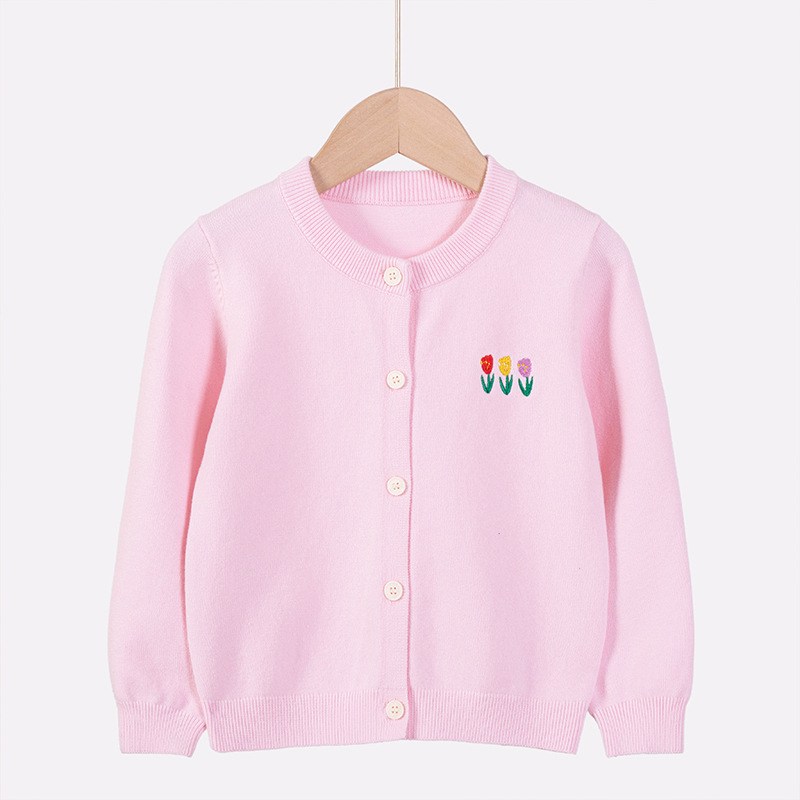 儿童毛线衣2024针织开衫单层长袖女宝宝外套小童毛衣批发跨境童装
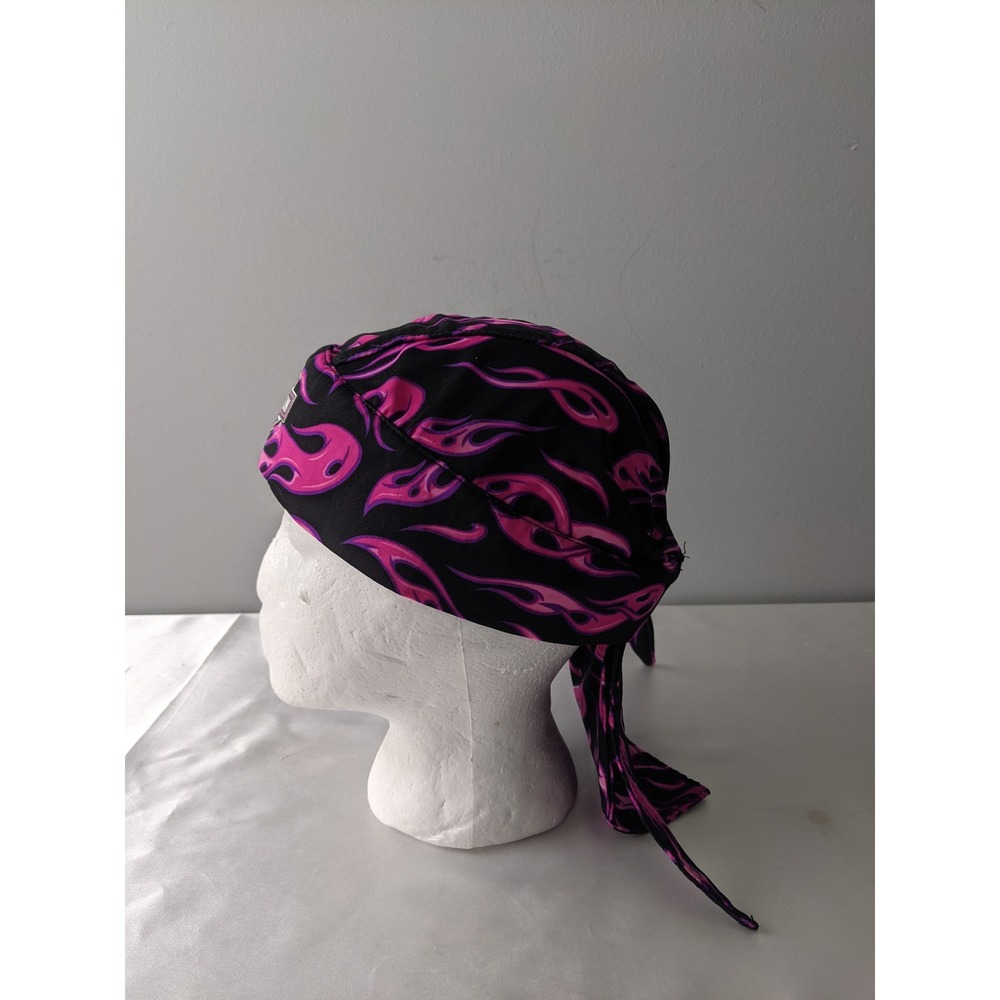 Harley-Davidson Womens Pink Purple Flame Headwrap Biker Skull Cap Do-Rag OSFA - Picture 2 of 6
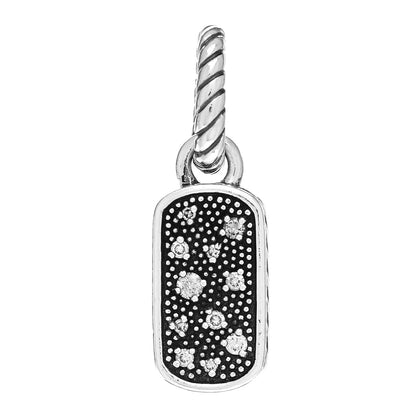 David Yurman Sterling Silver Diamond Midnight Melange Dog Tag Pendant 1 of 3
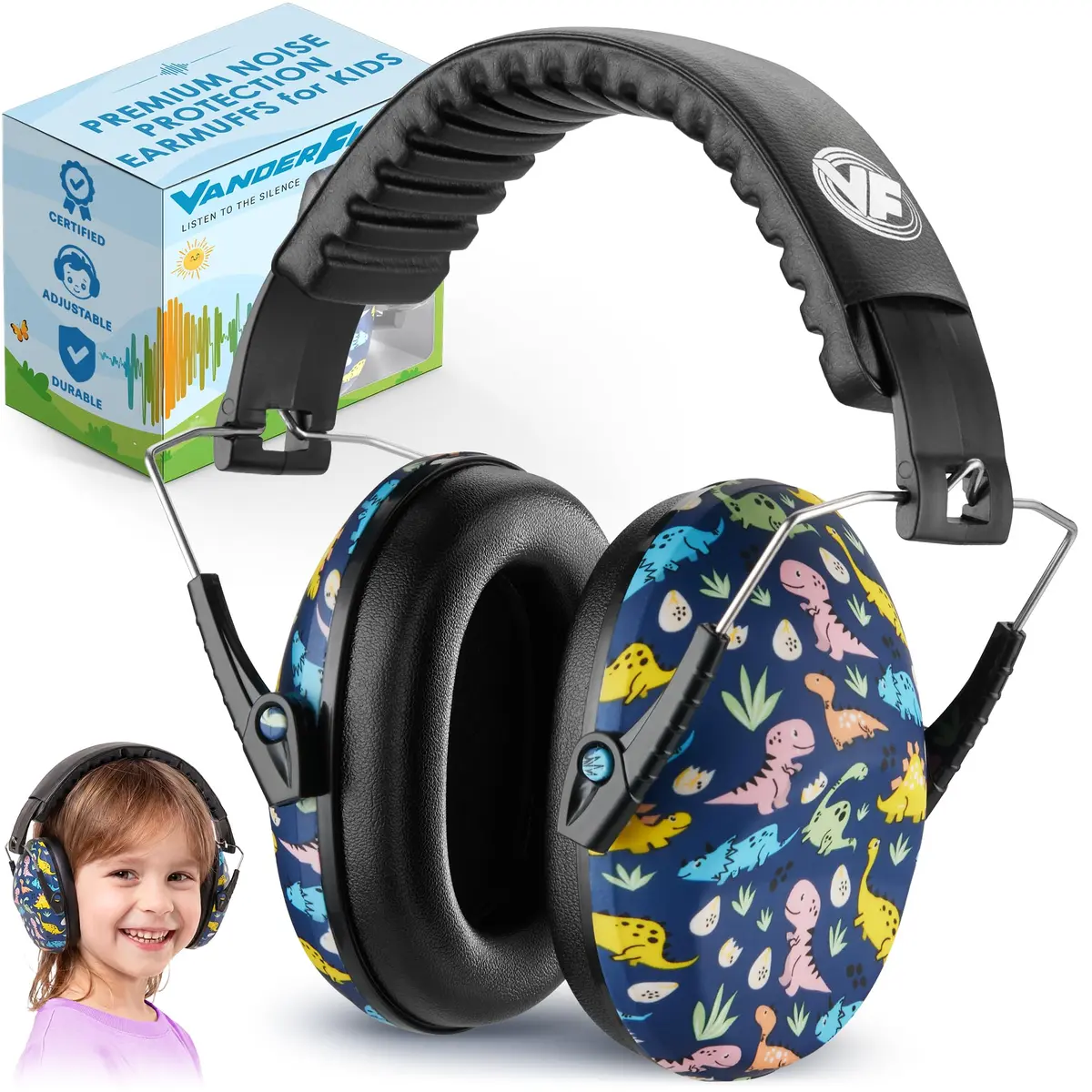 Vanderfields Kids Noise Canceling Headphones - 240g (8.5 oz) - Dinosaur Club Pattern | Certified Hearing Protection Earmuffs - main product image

------------------------

> EXERCISE INSTRUCTIONS: No pictures should appear in the copy. Print exactly the lines above from the line containing "David Yurman Sterling" through the last line of the data.

> RESPONSE TO THE EXERCISE:
 David Yurman Sterling Silver Diamond Midnight Melange Dog Tag Pendant 1 of 3
 Vanderfields Kids Noise Canceling Headphones - 240g (8.5 oz) - Dinosaur Club Pattern | Certified Hearing Protection Earmuffs - main product image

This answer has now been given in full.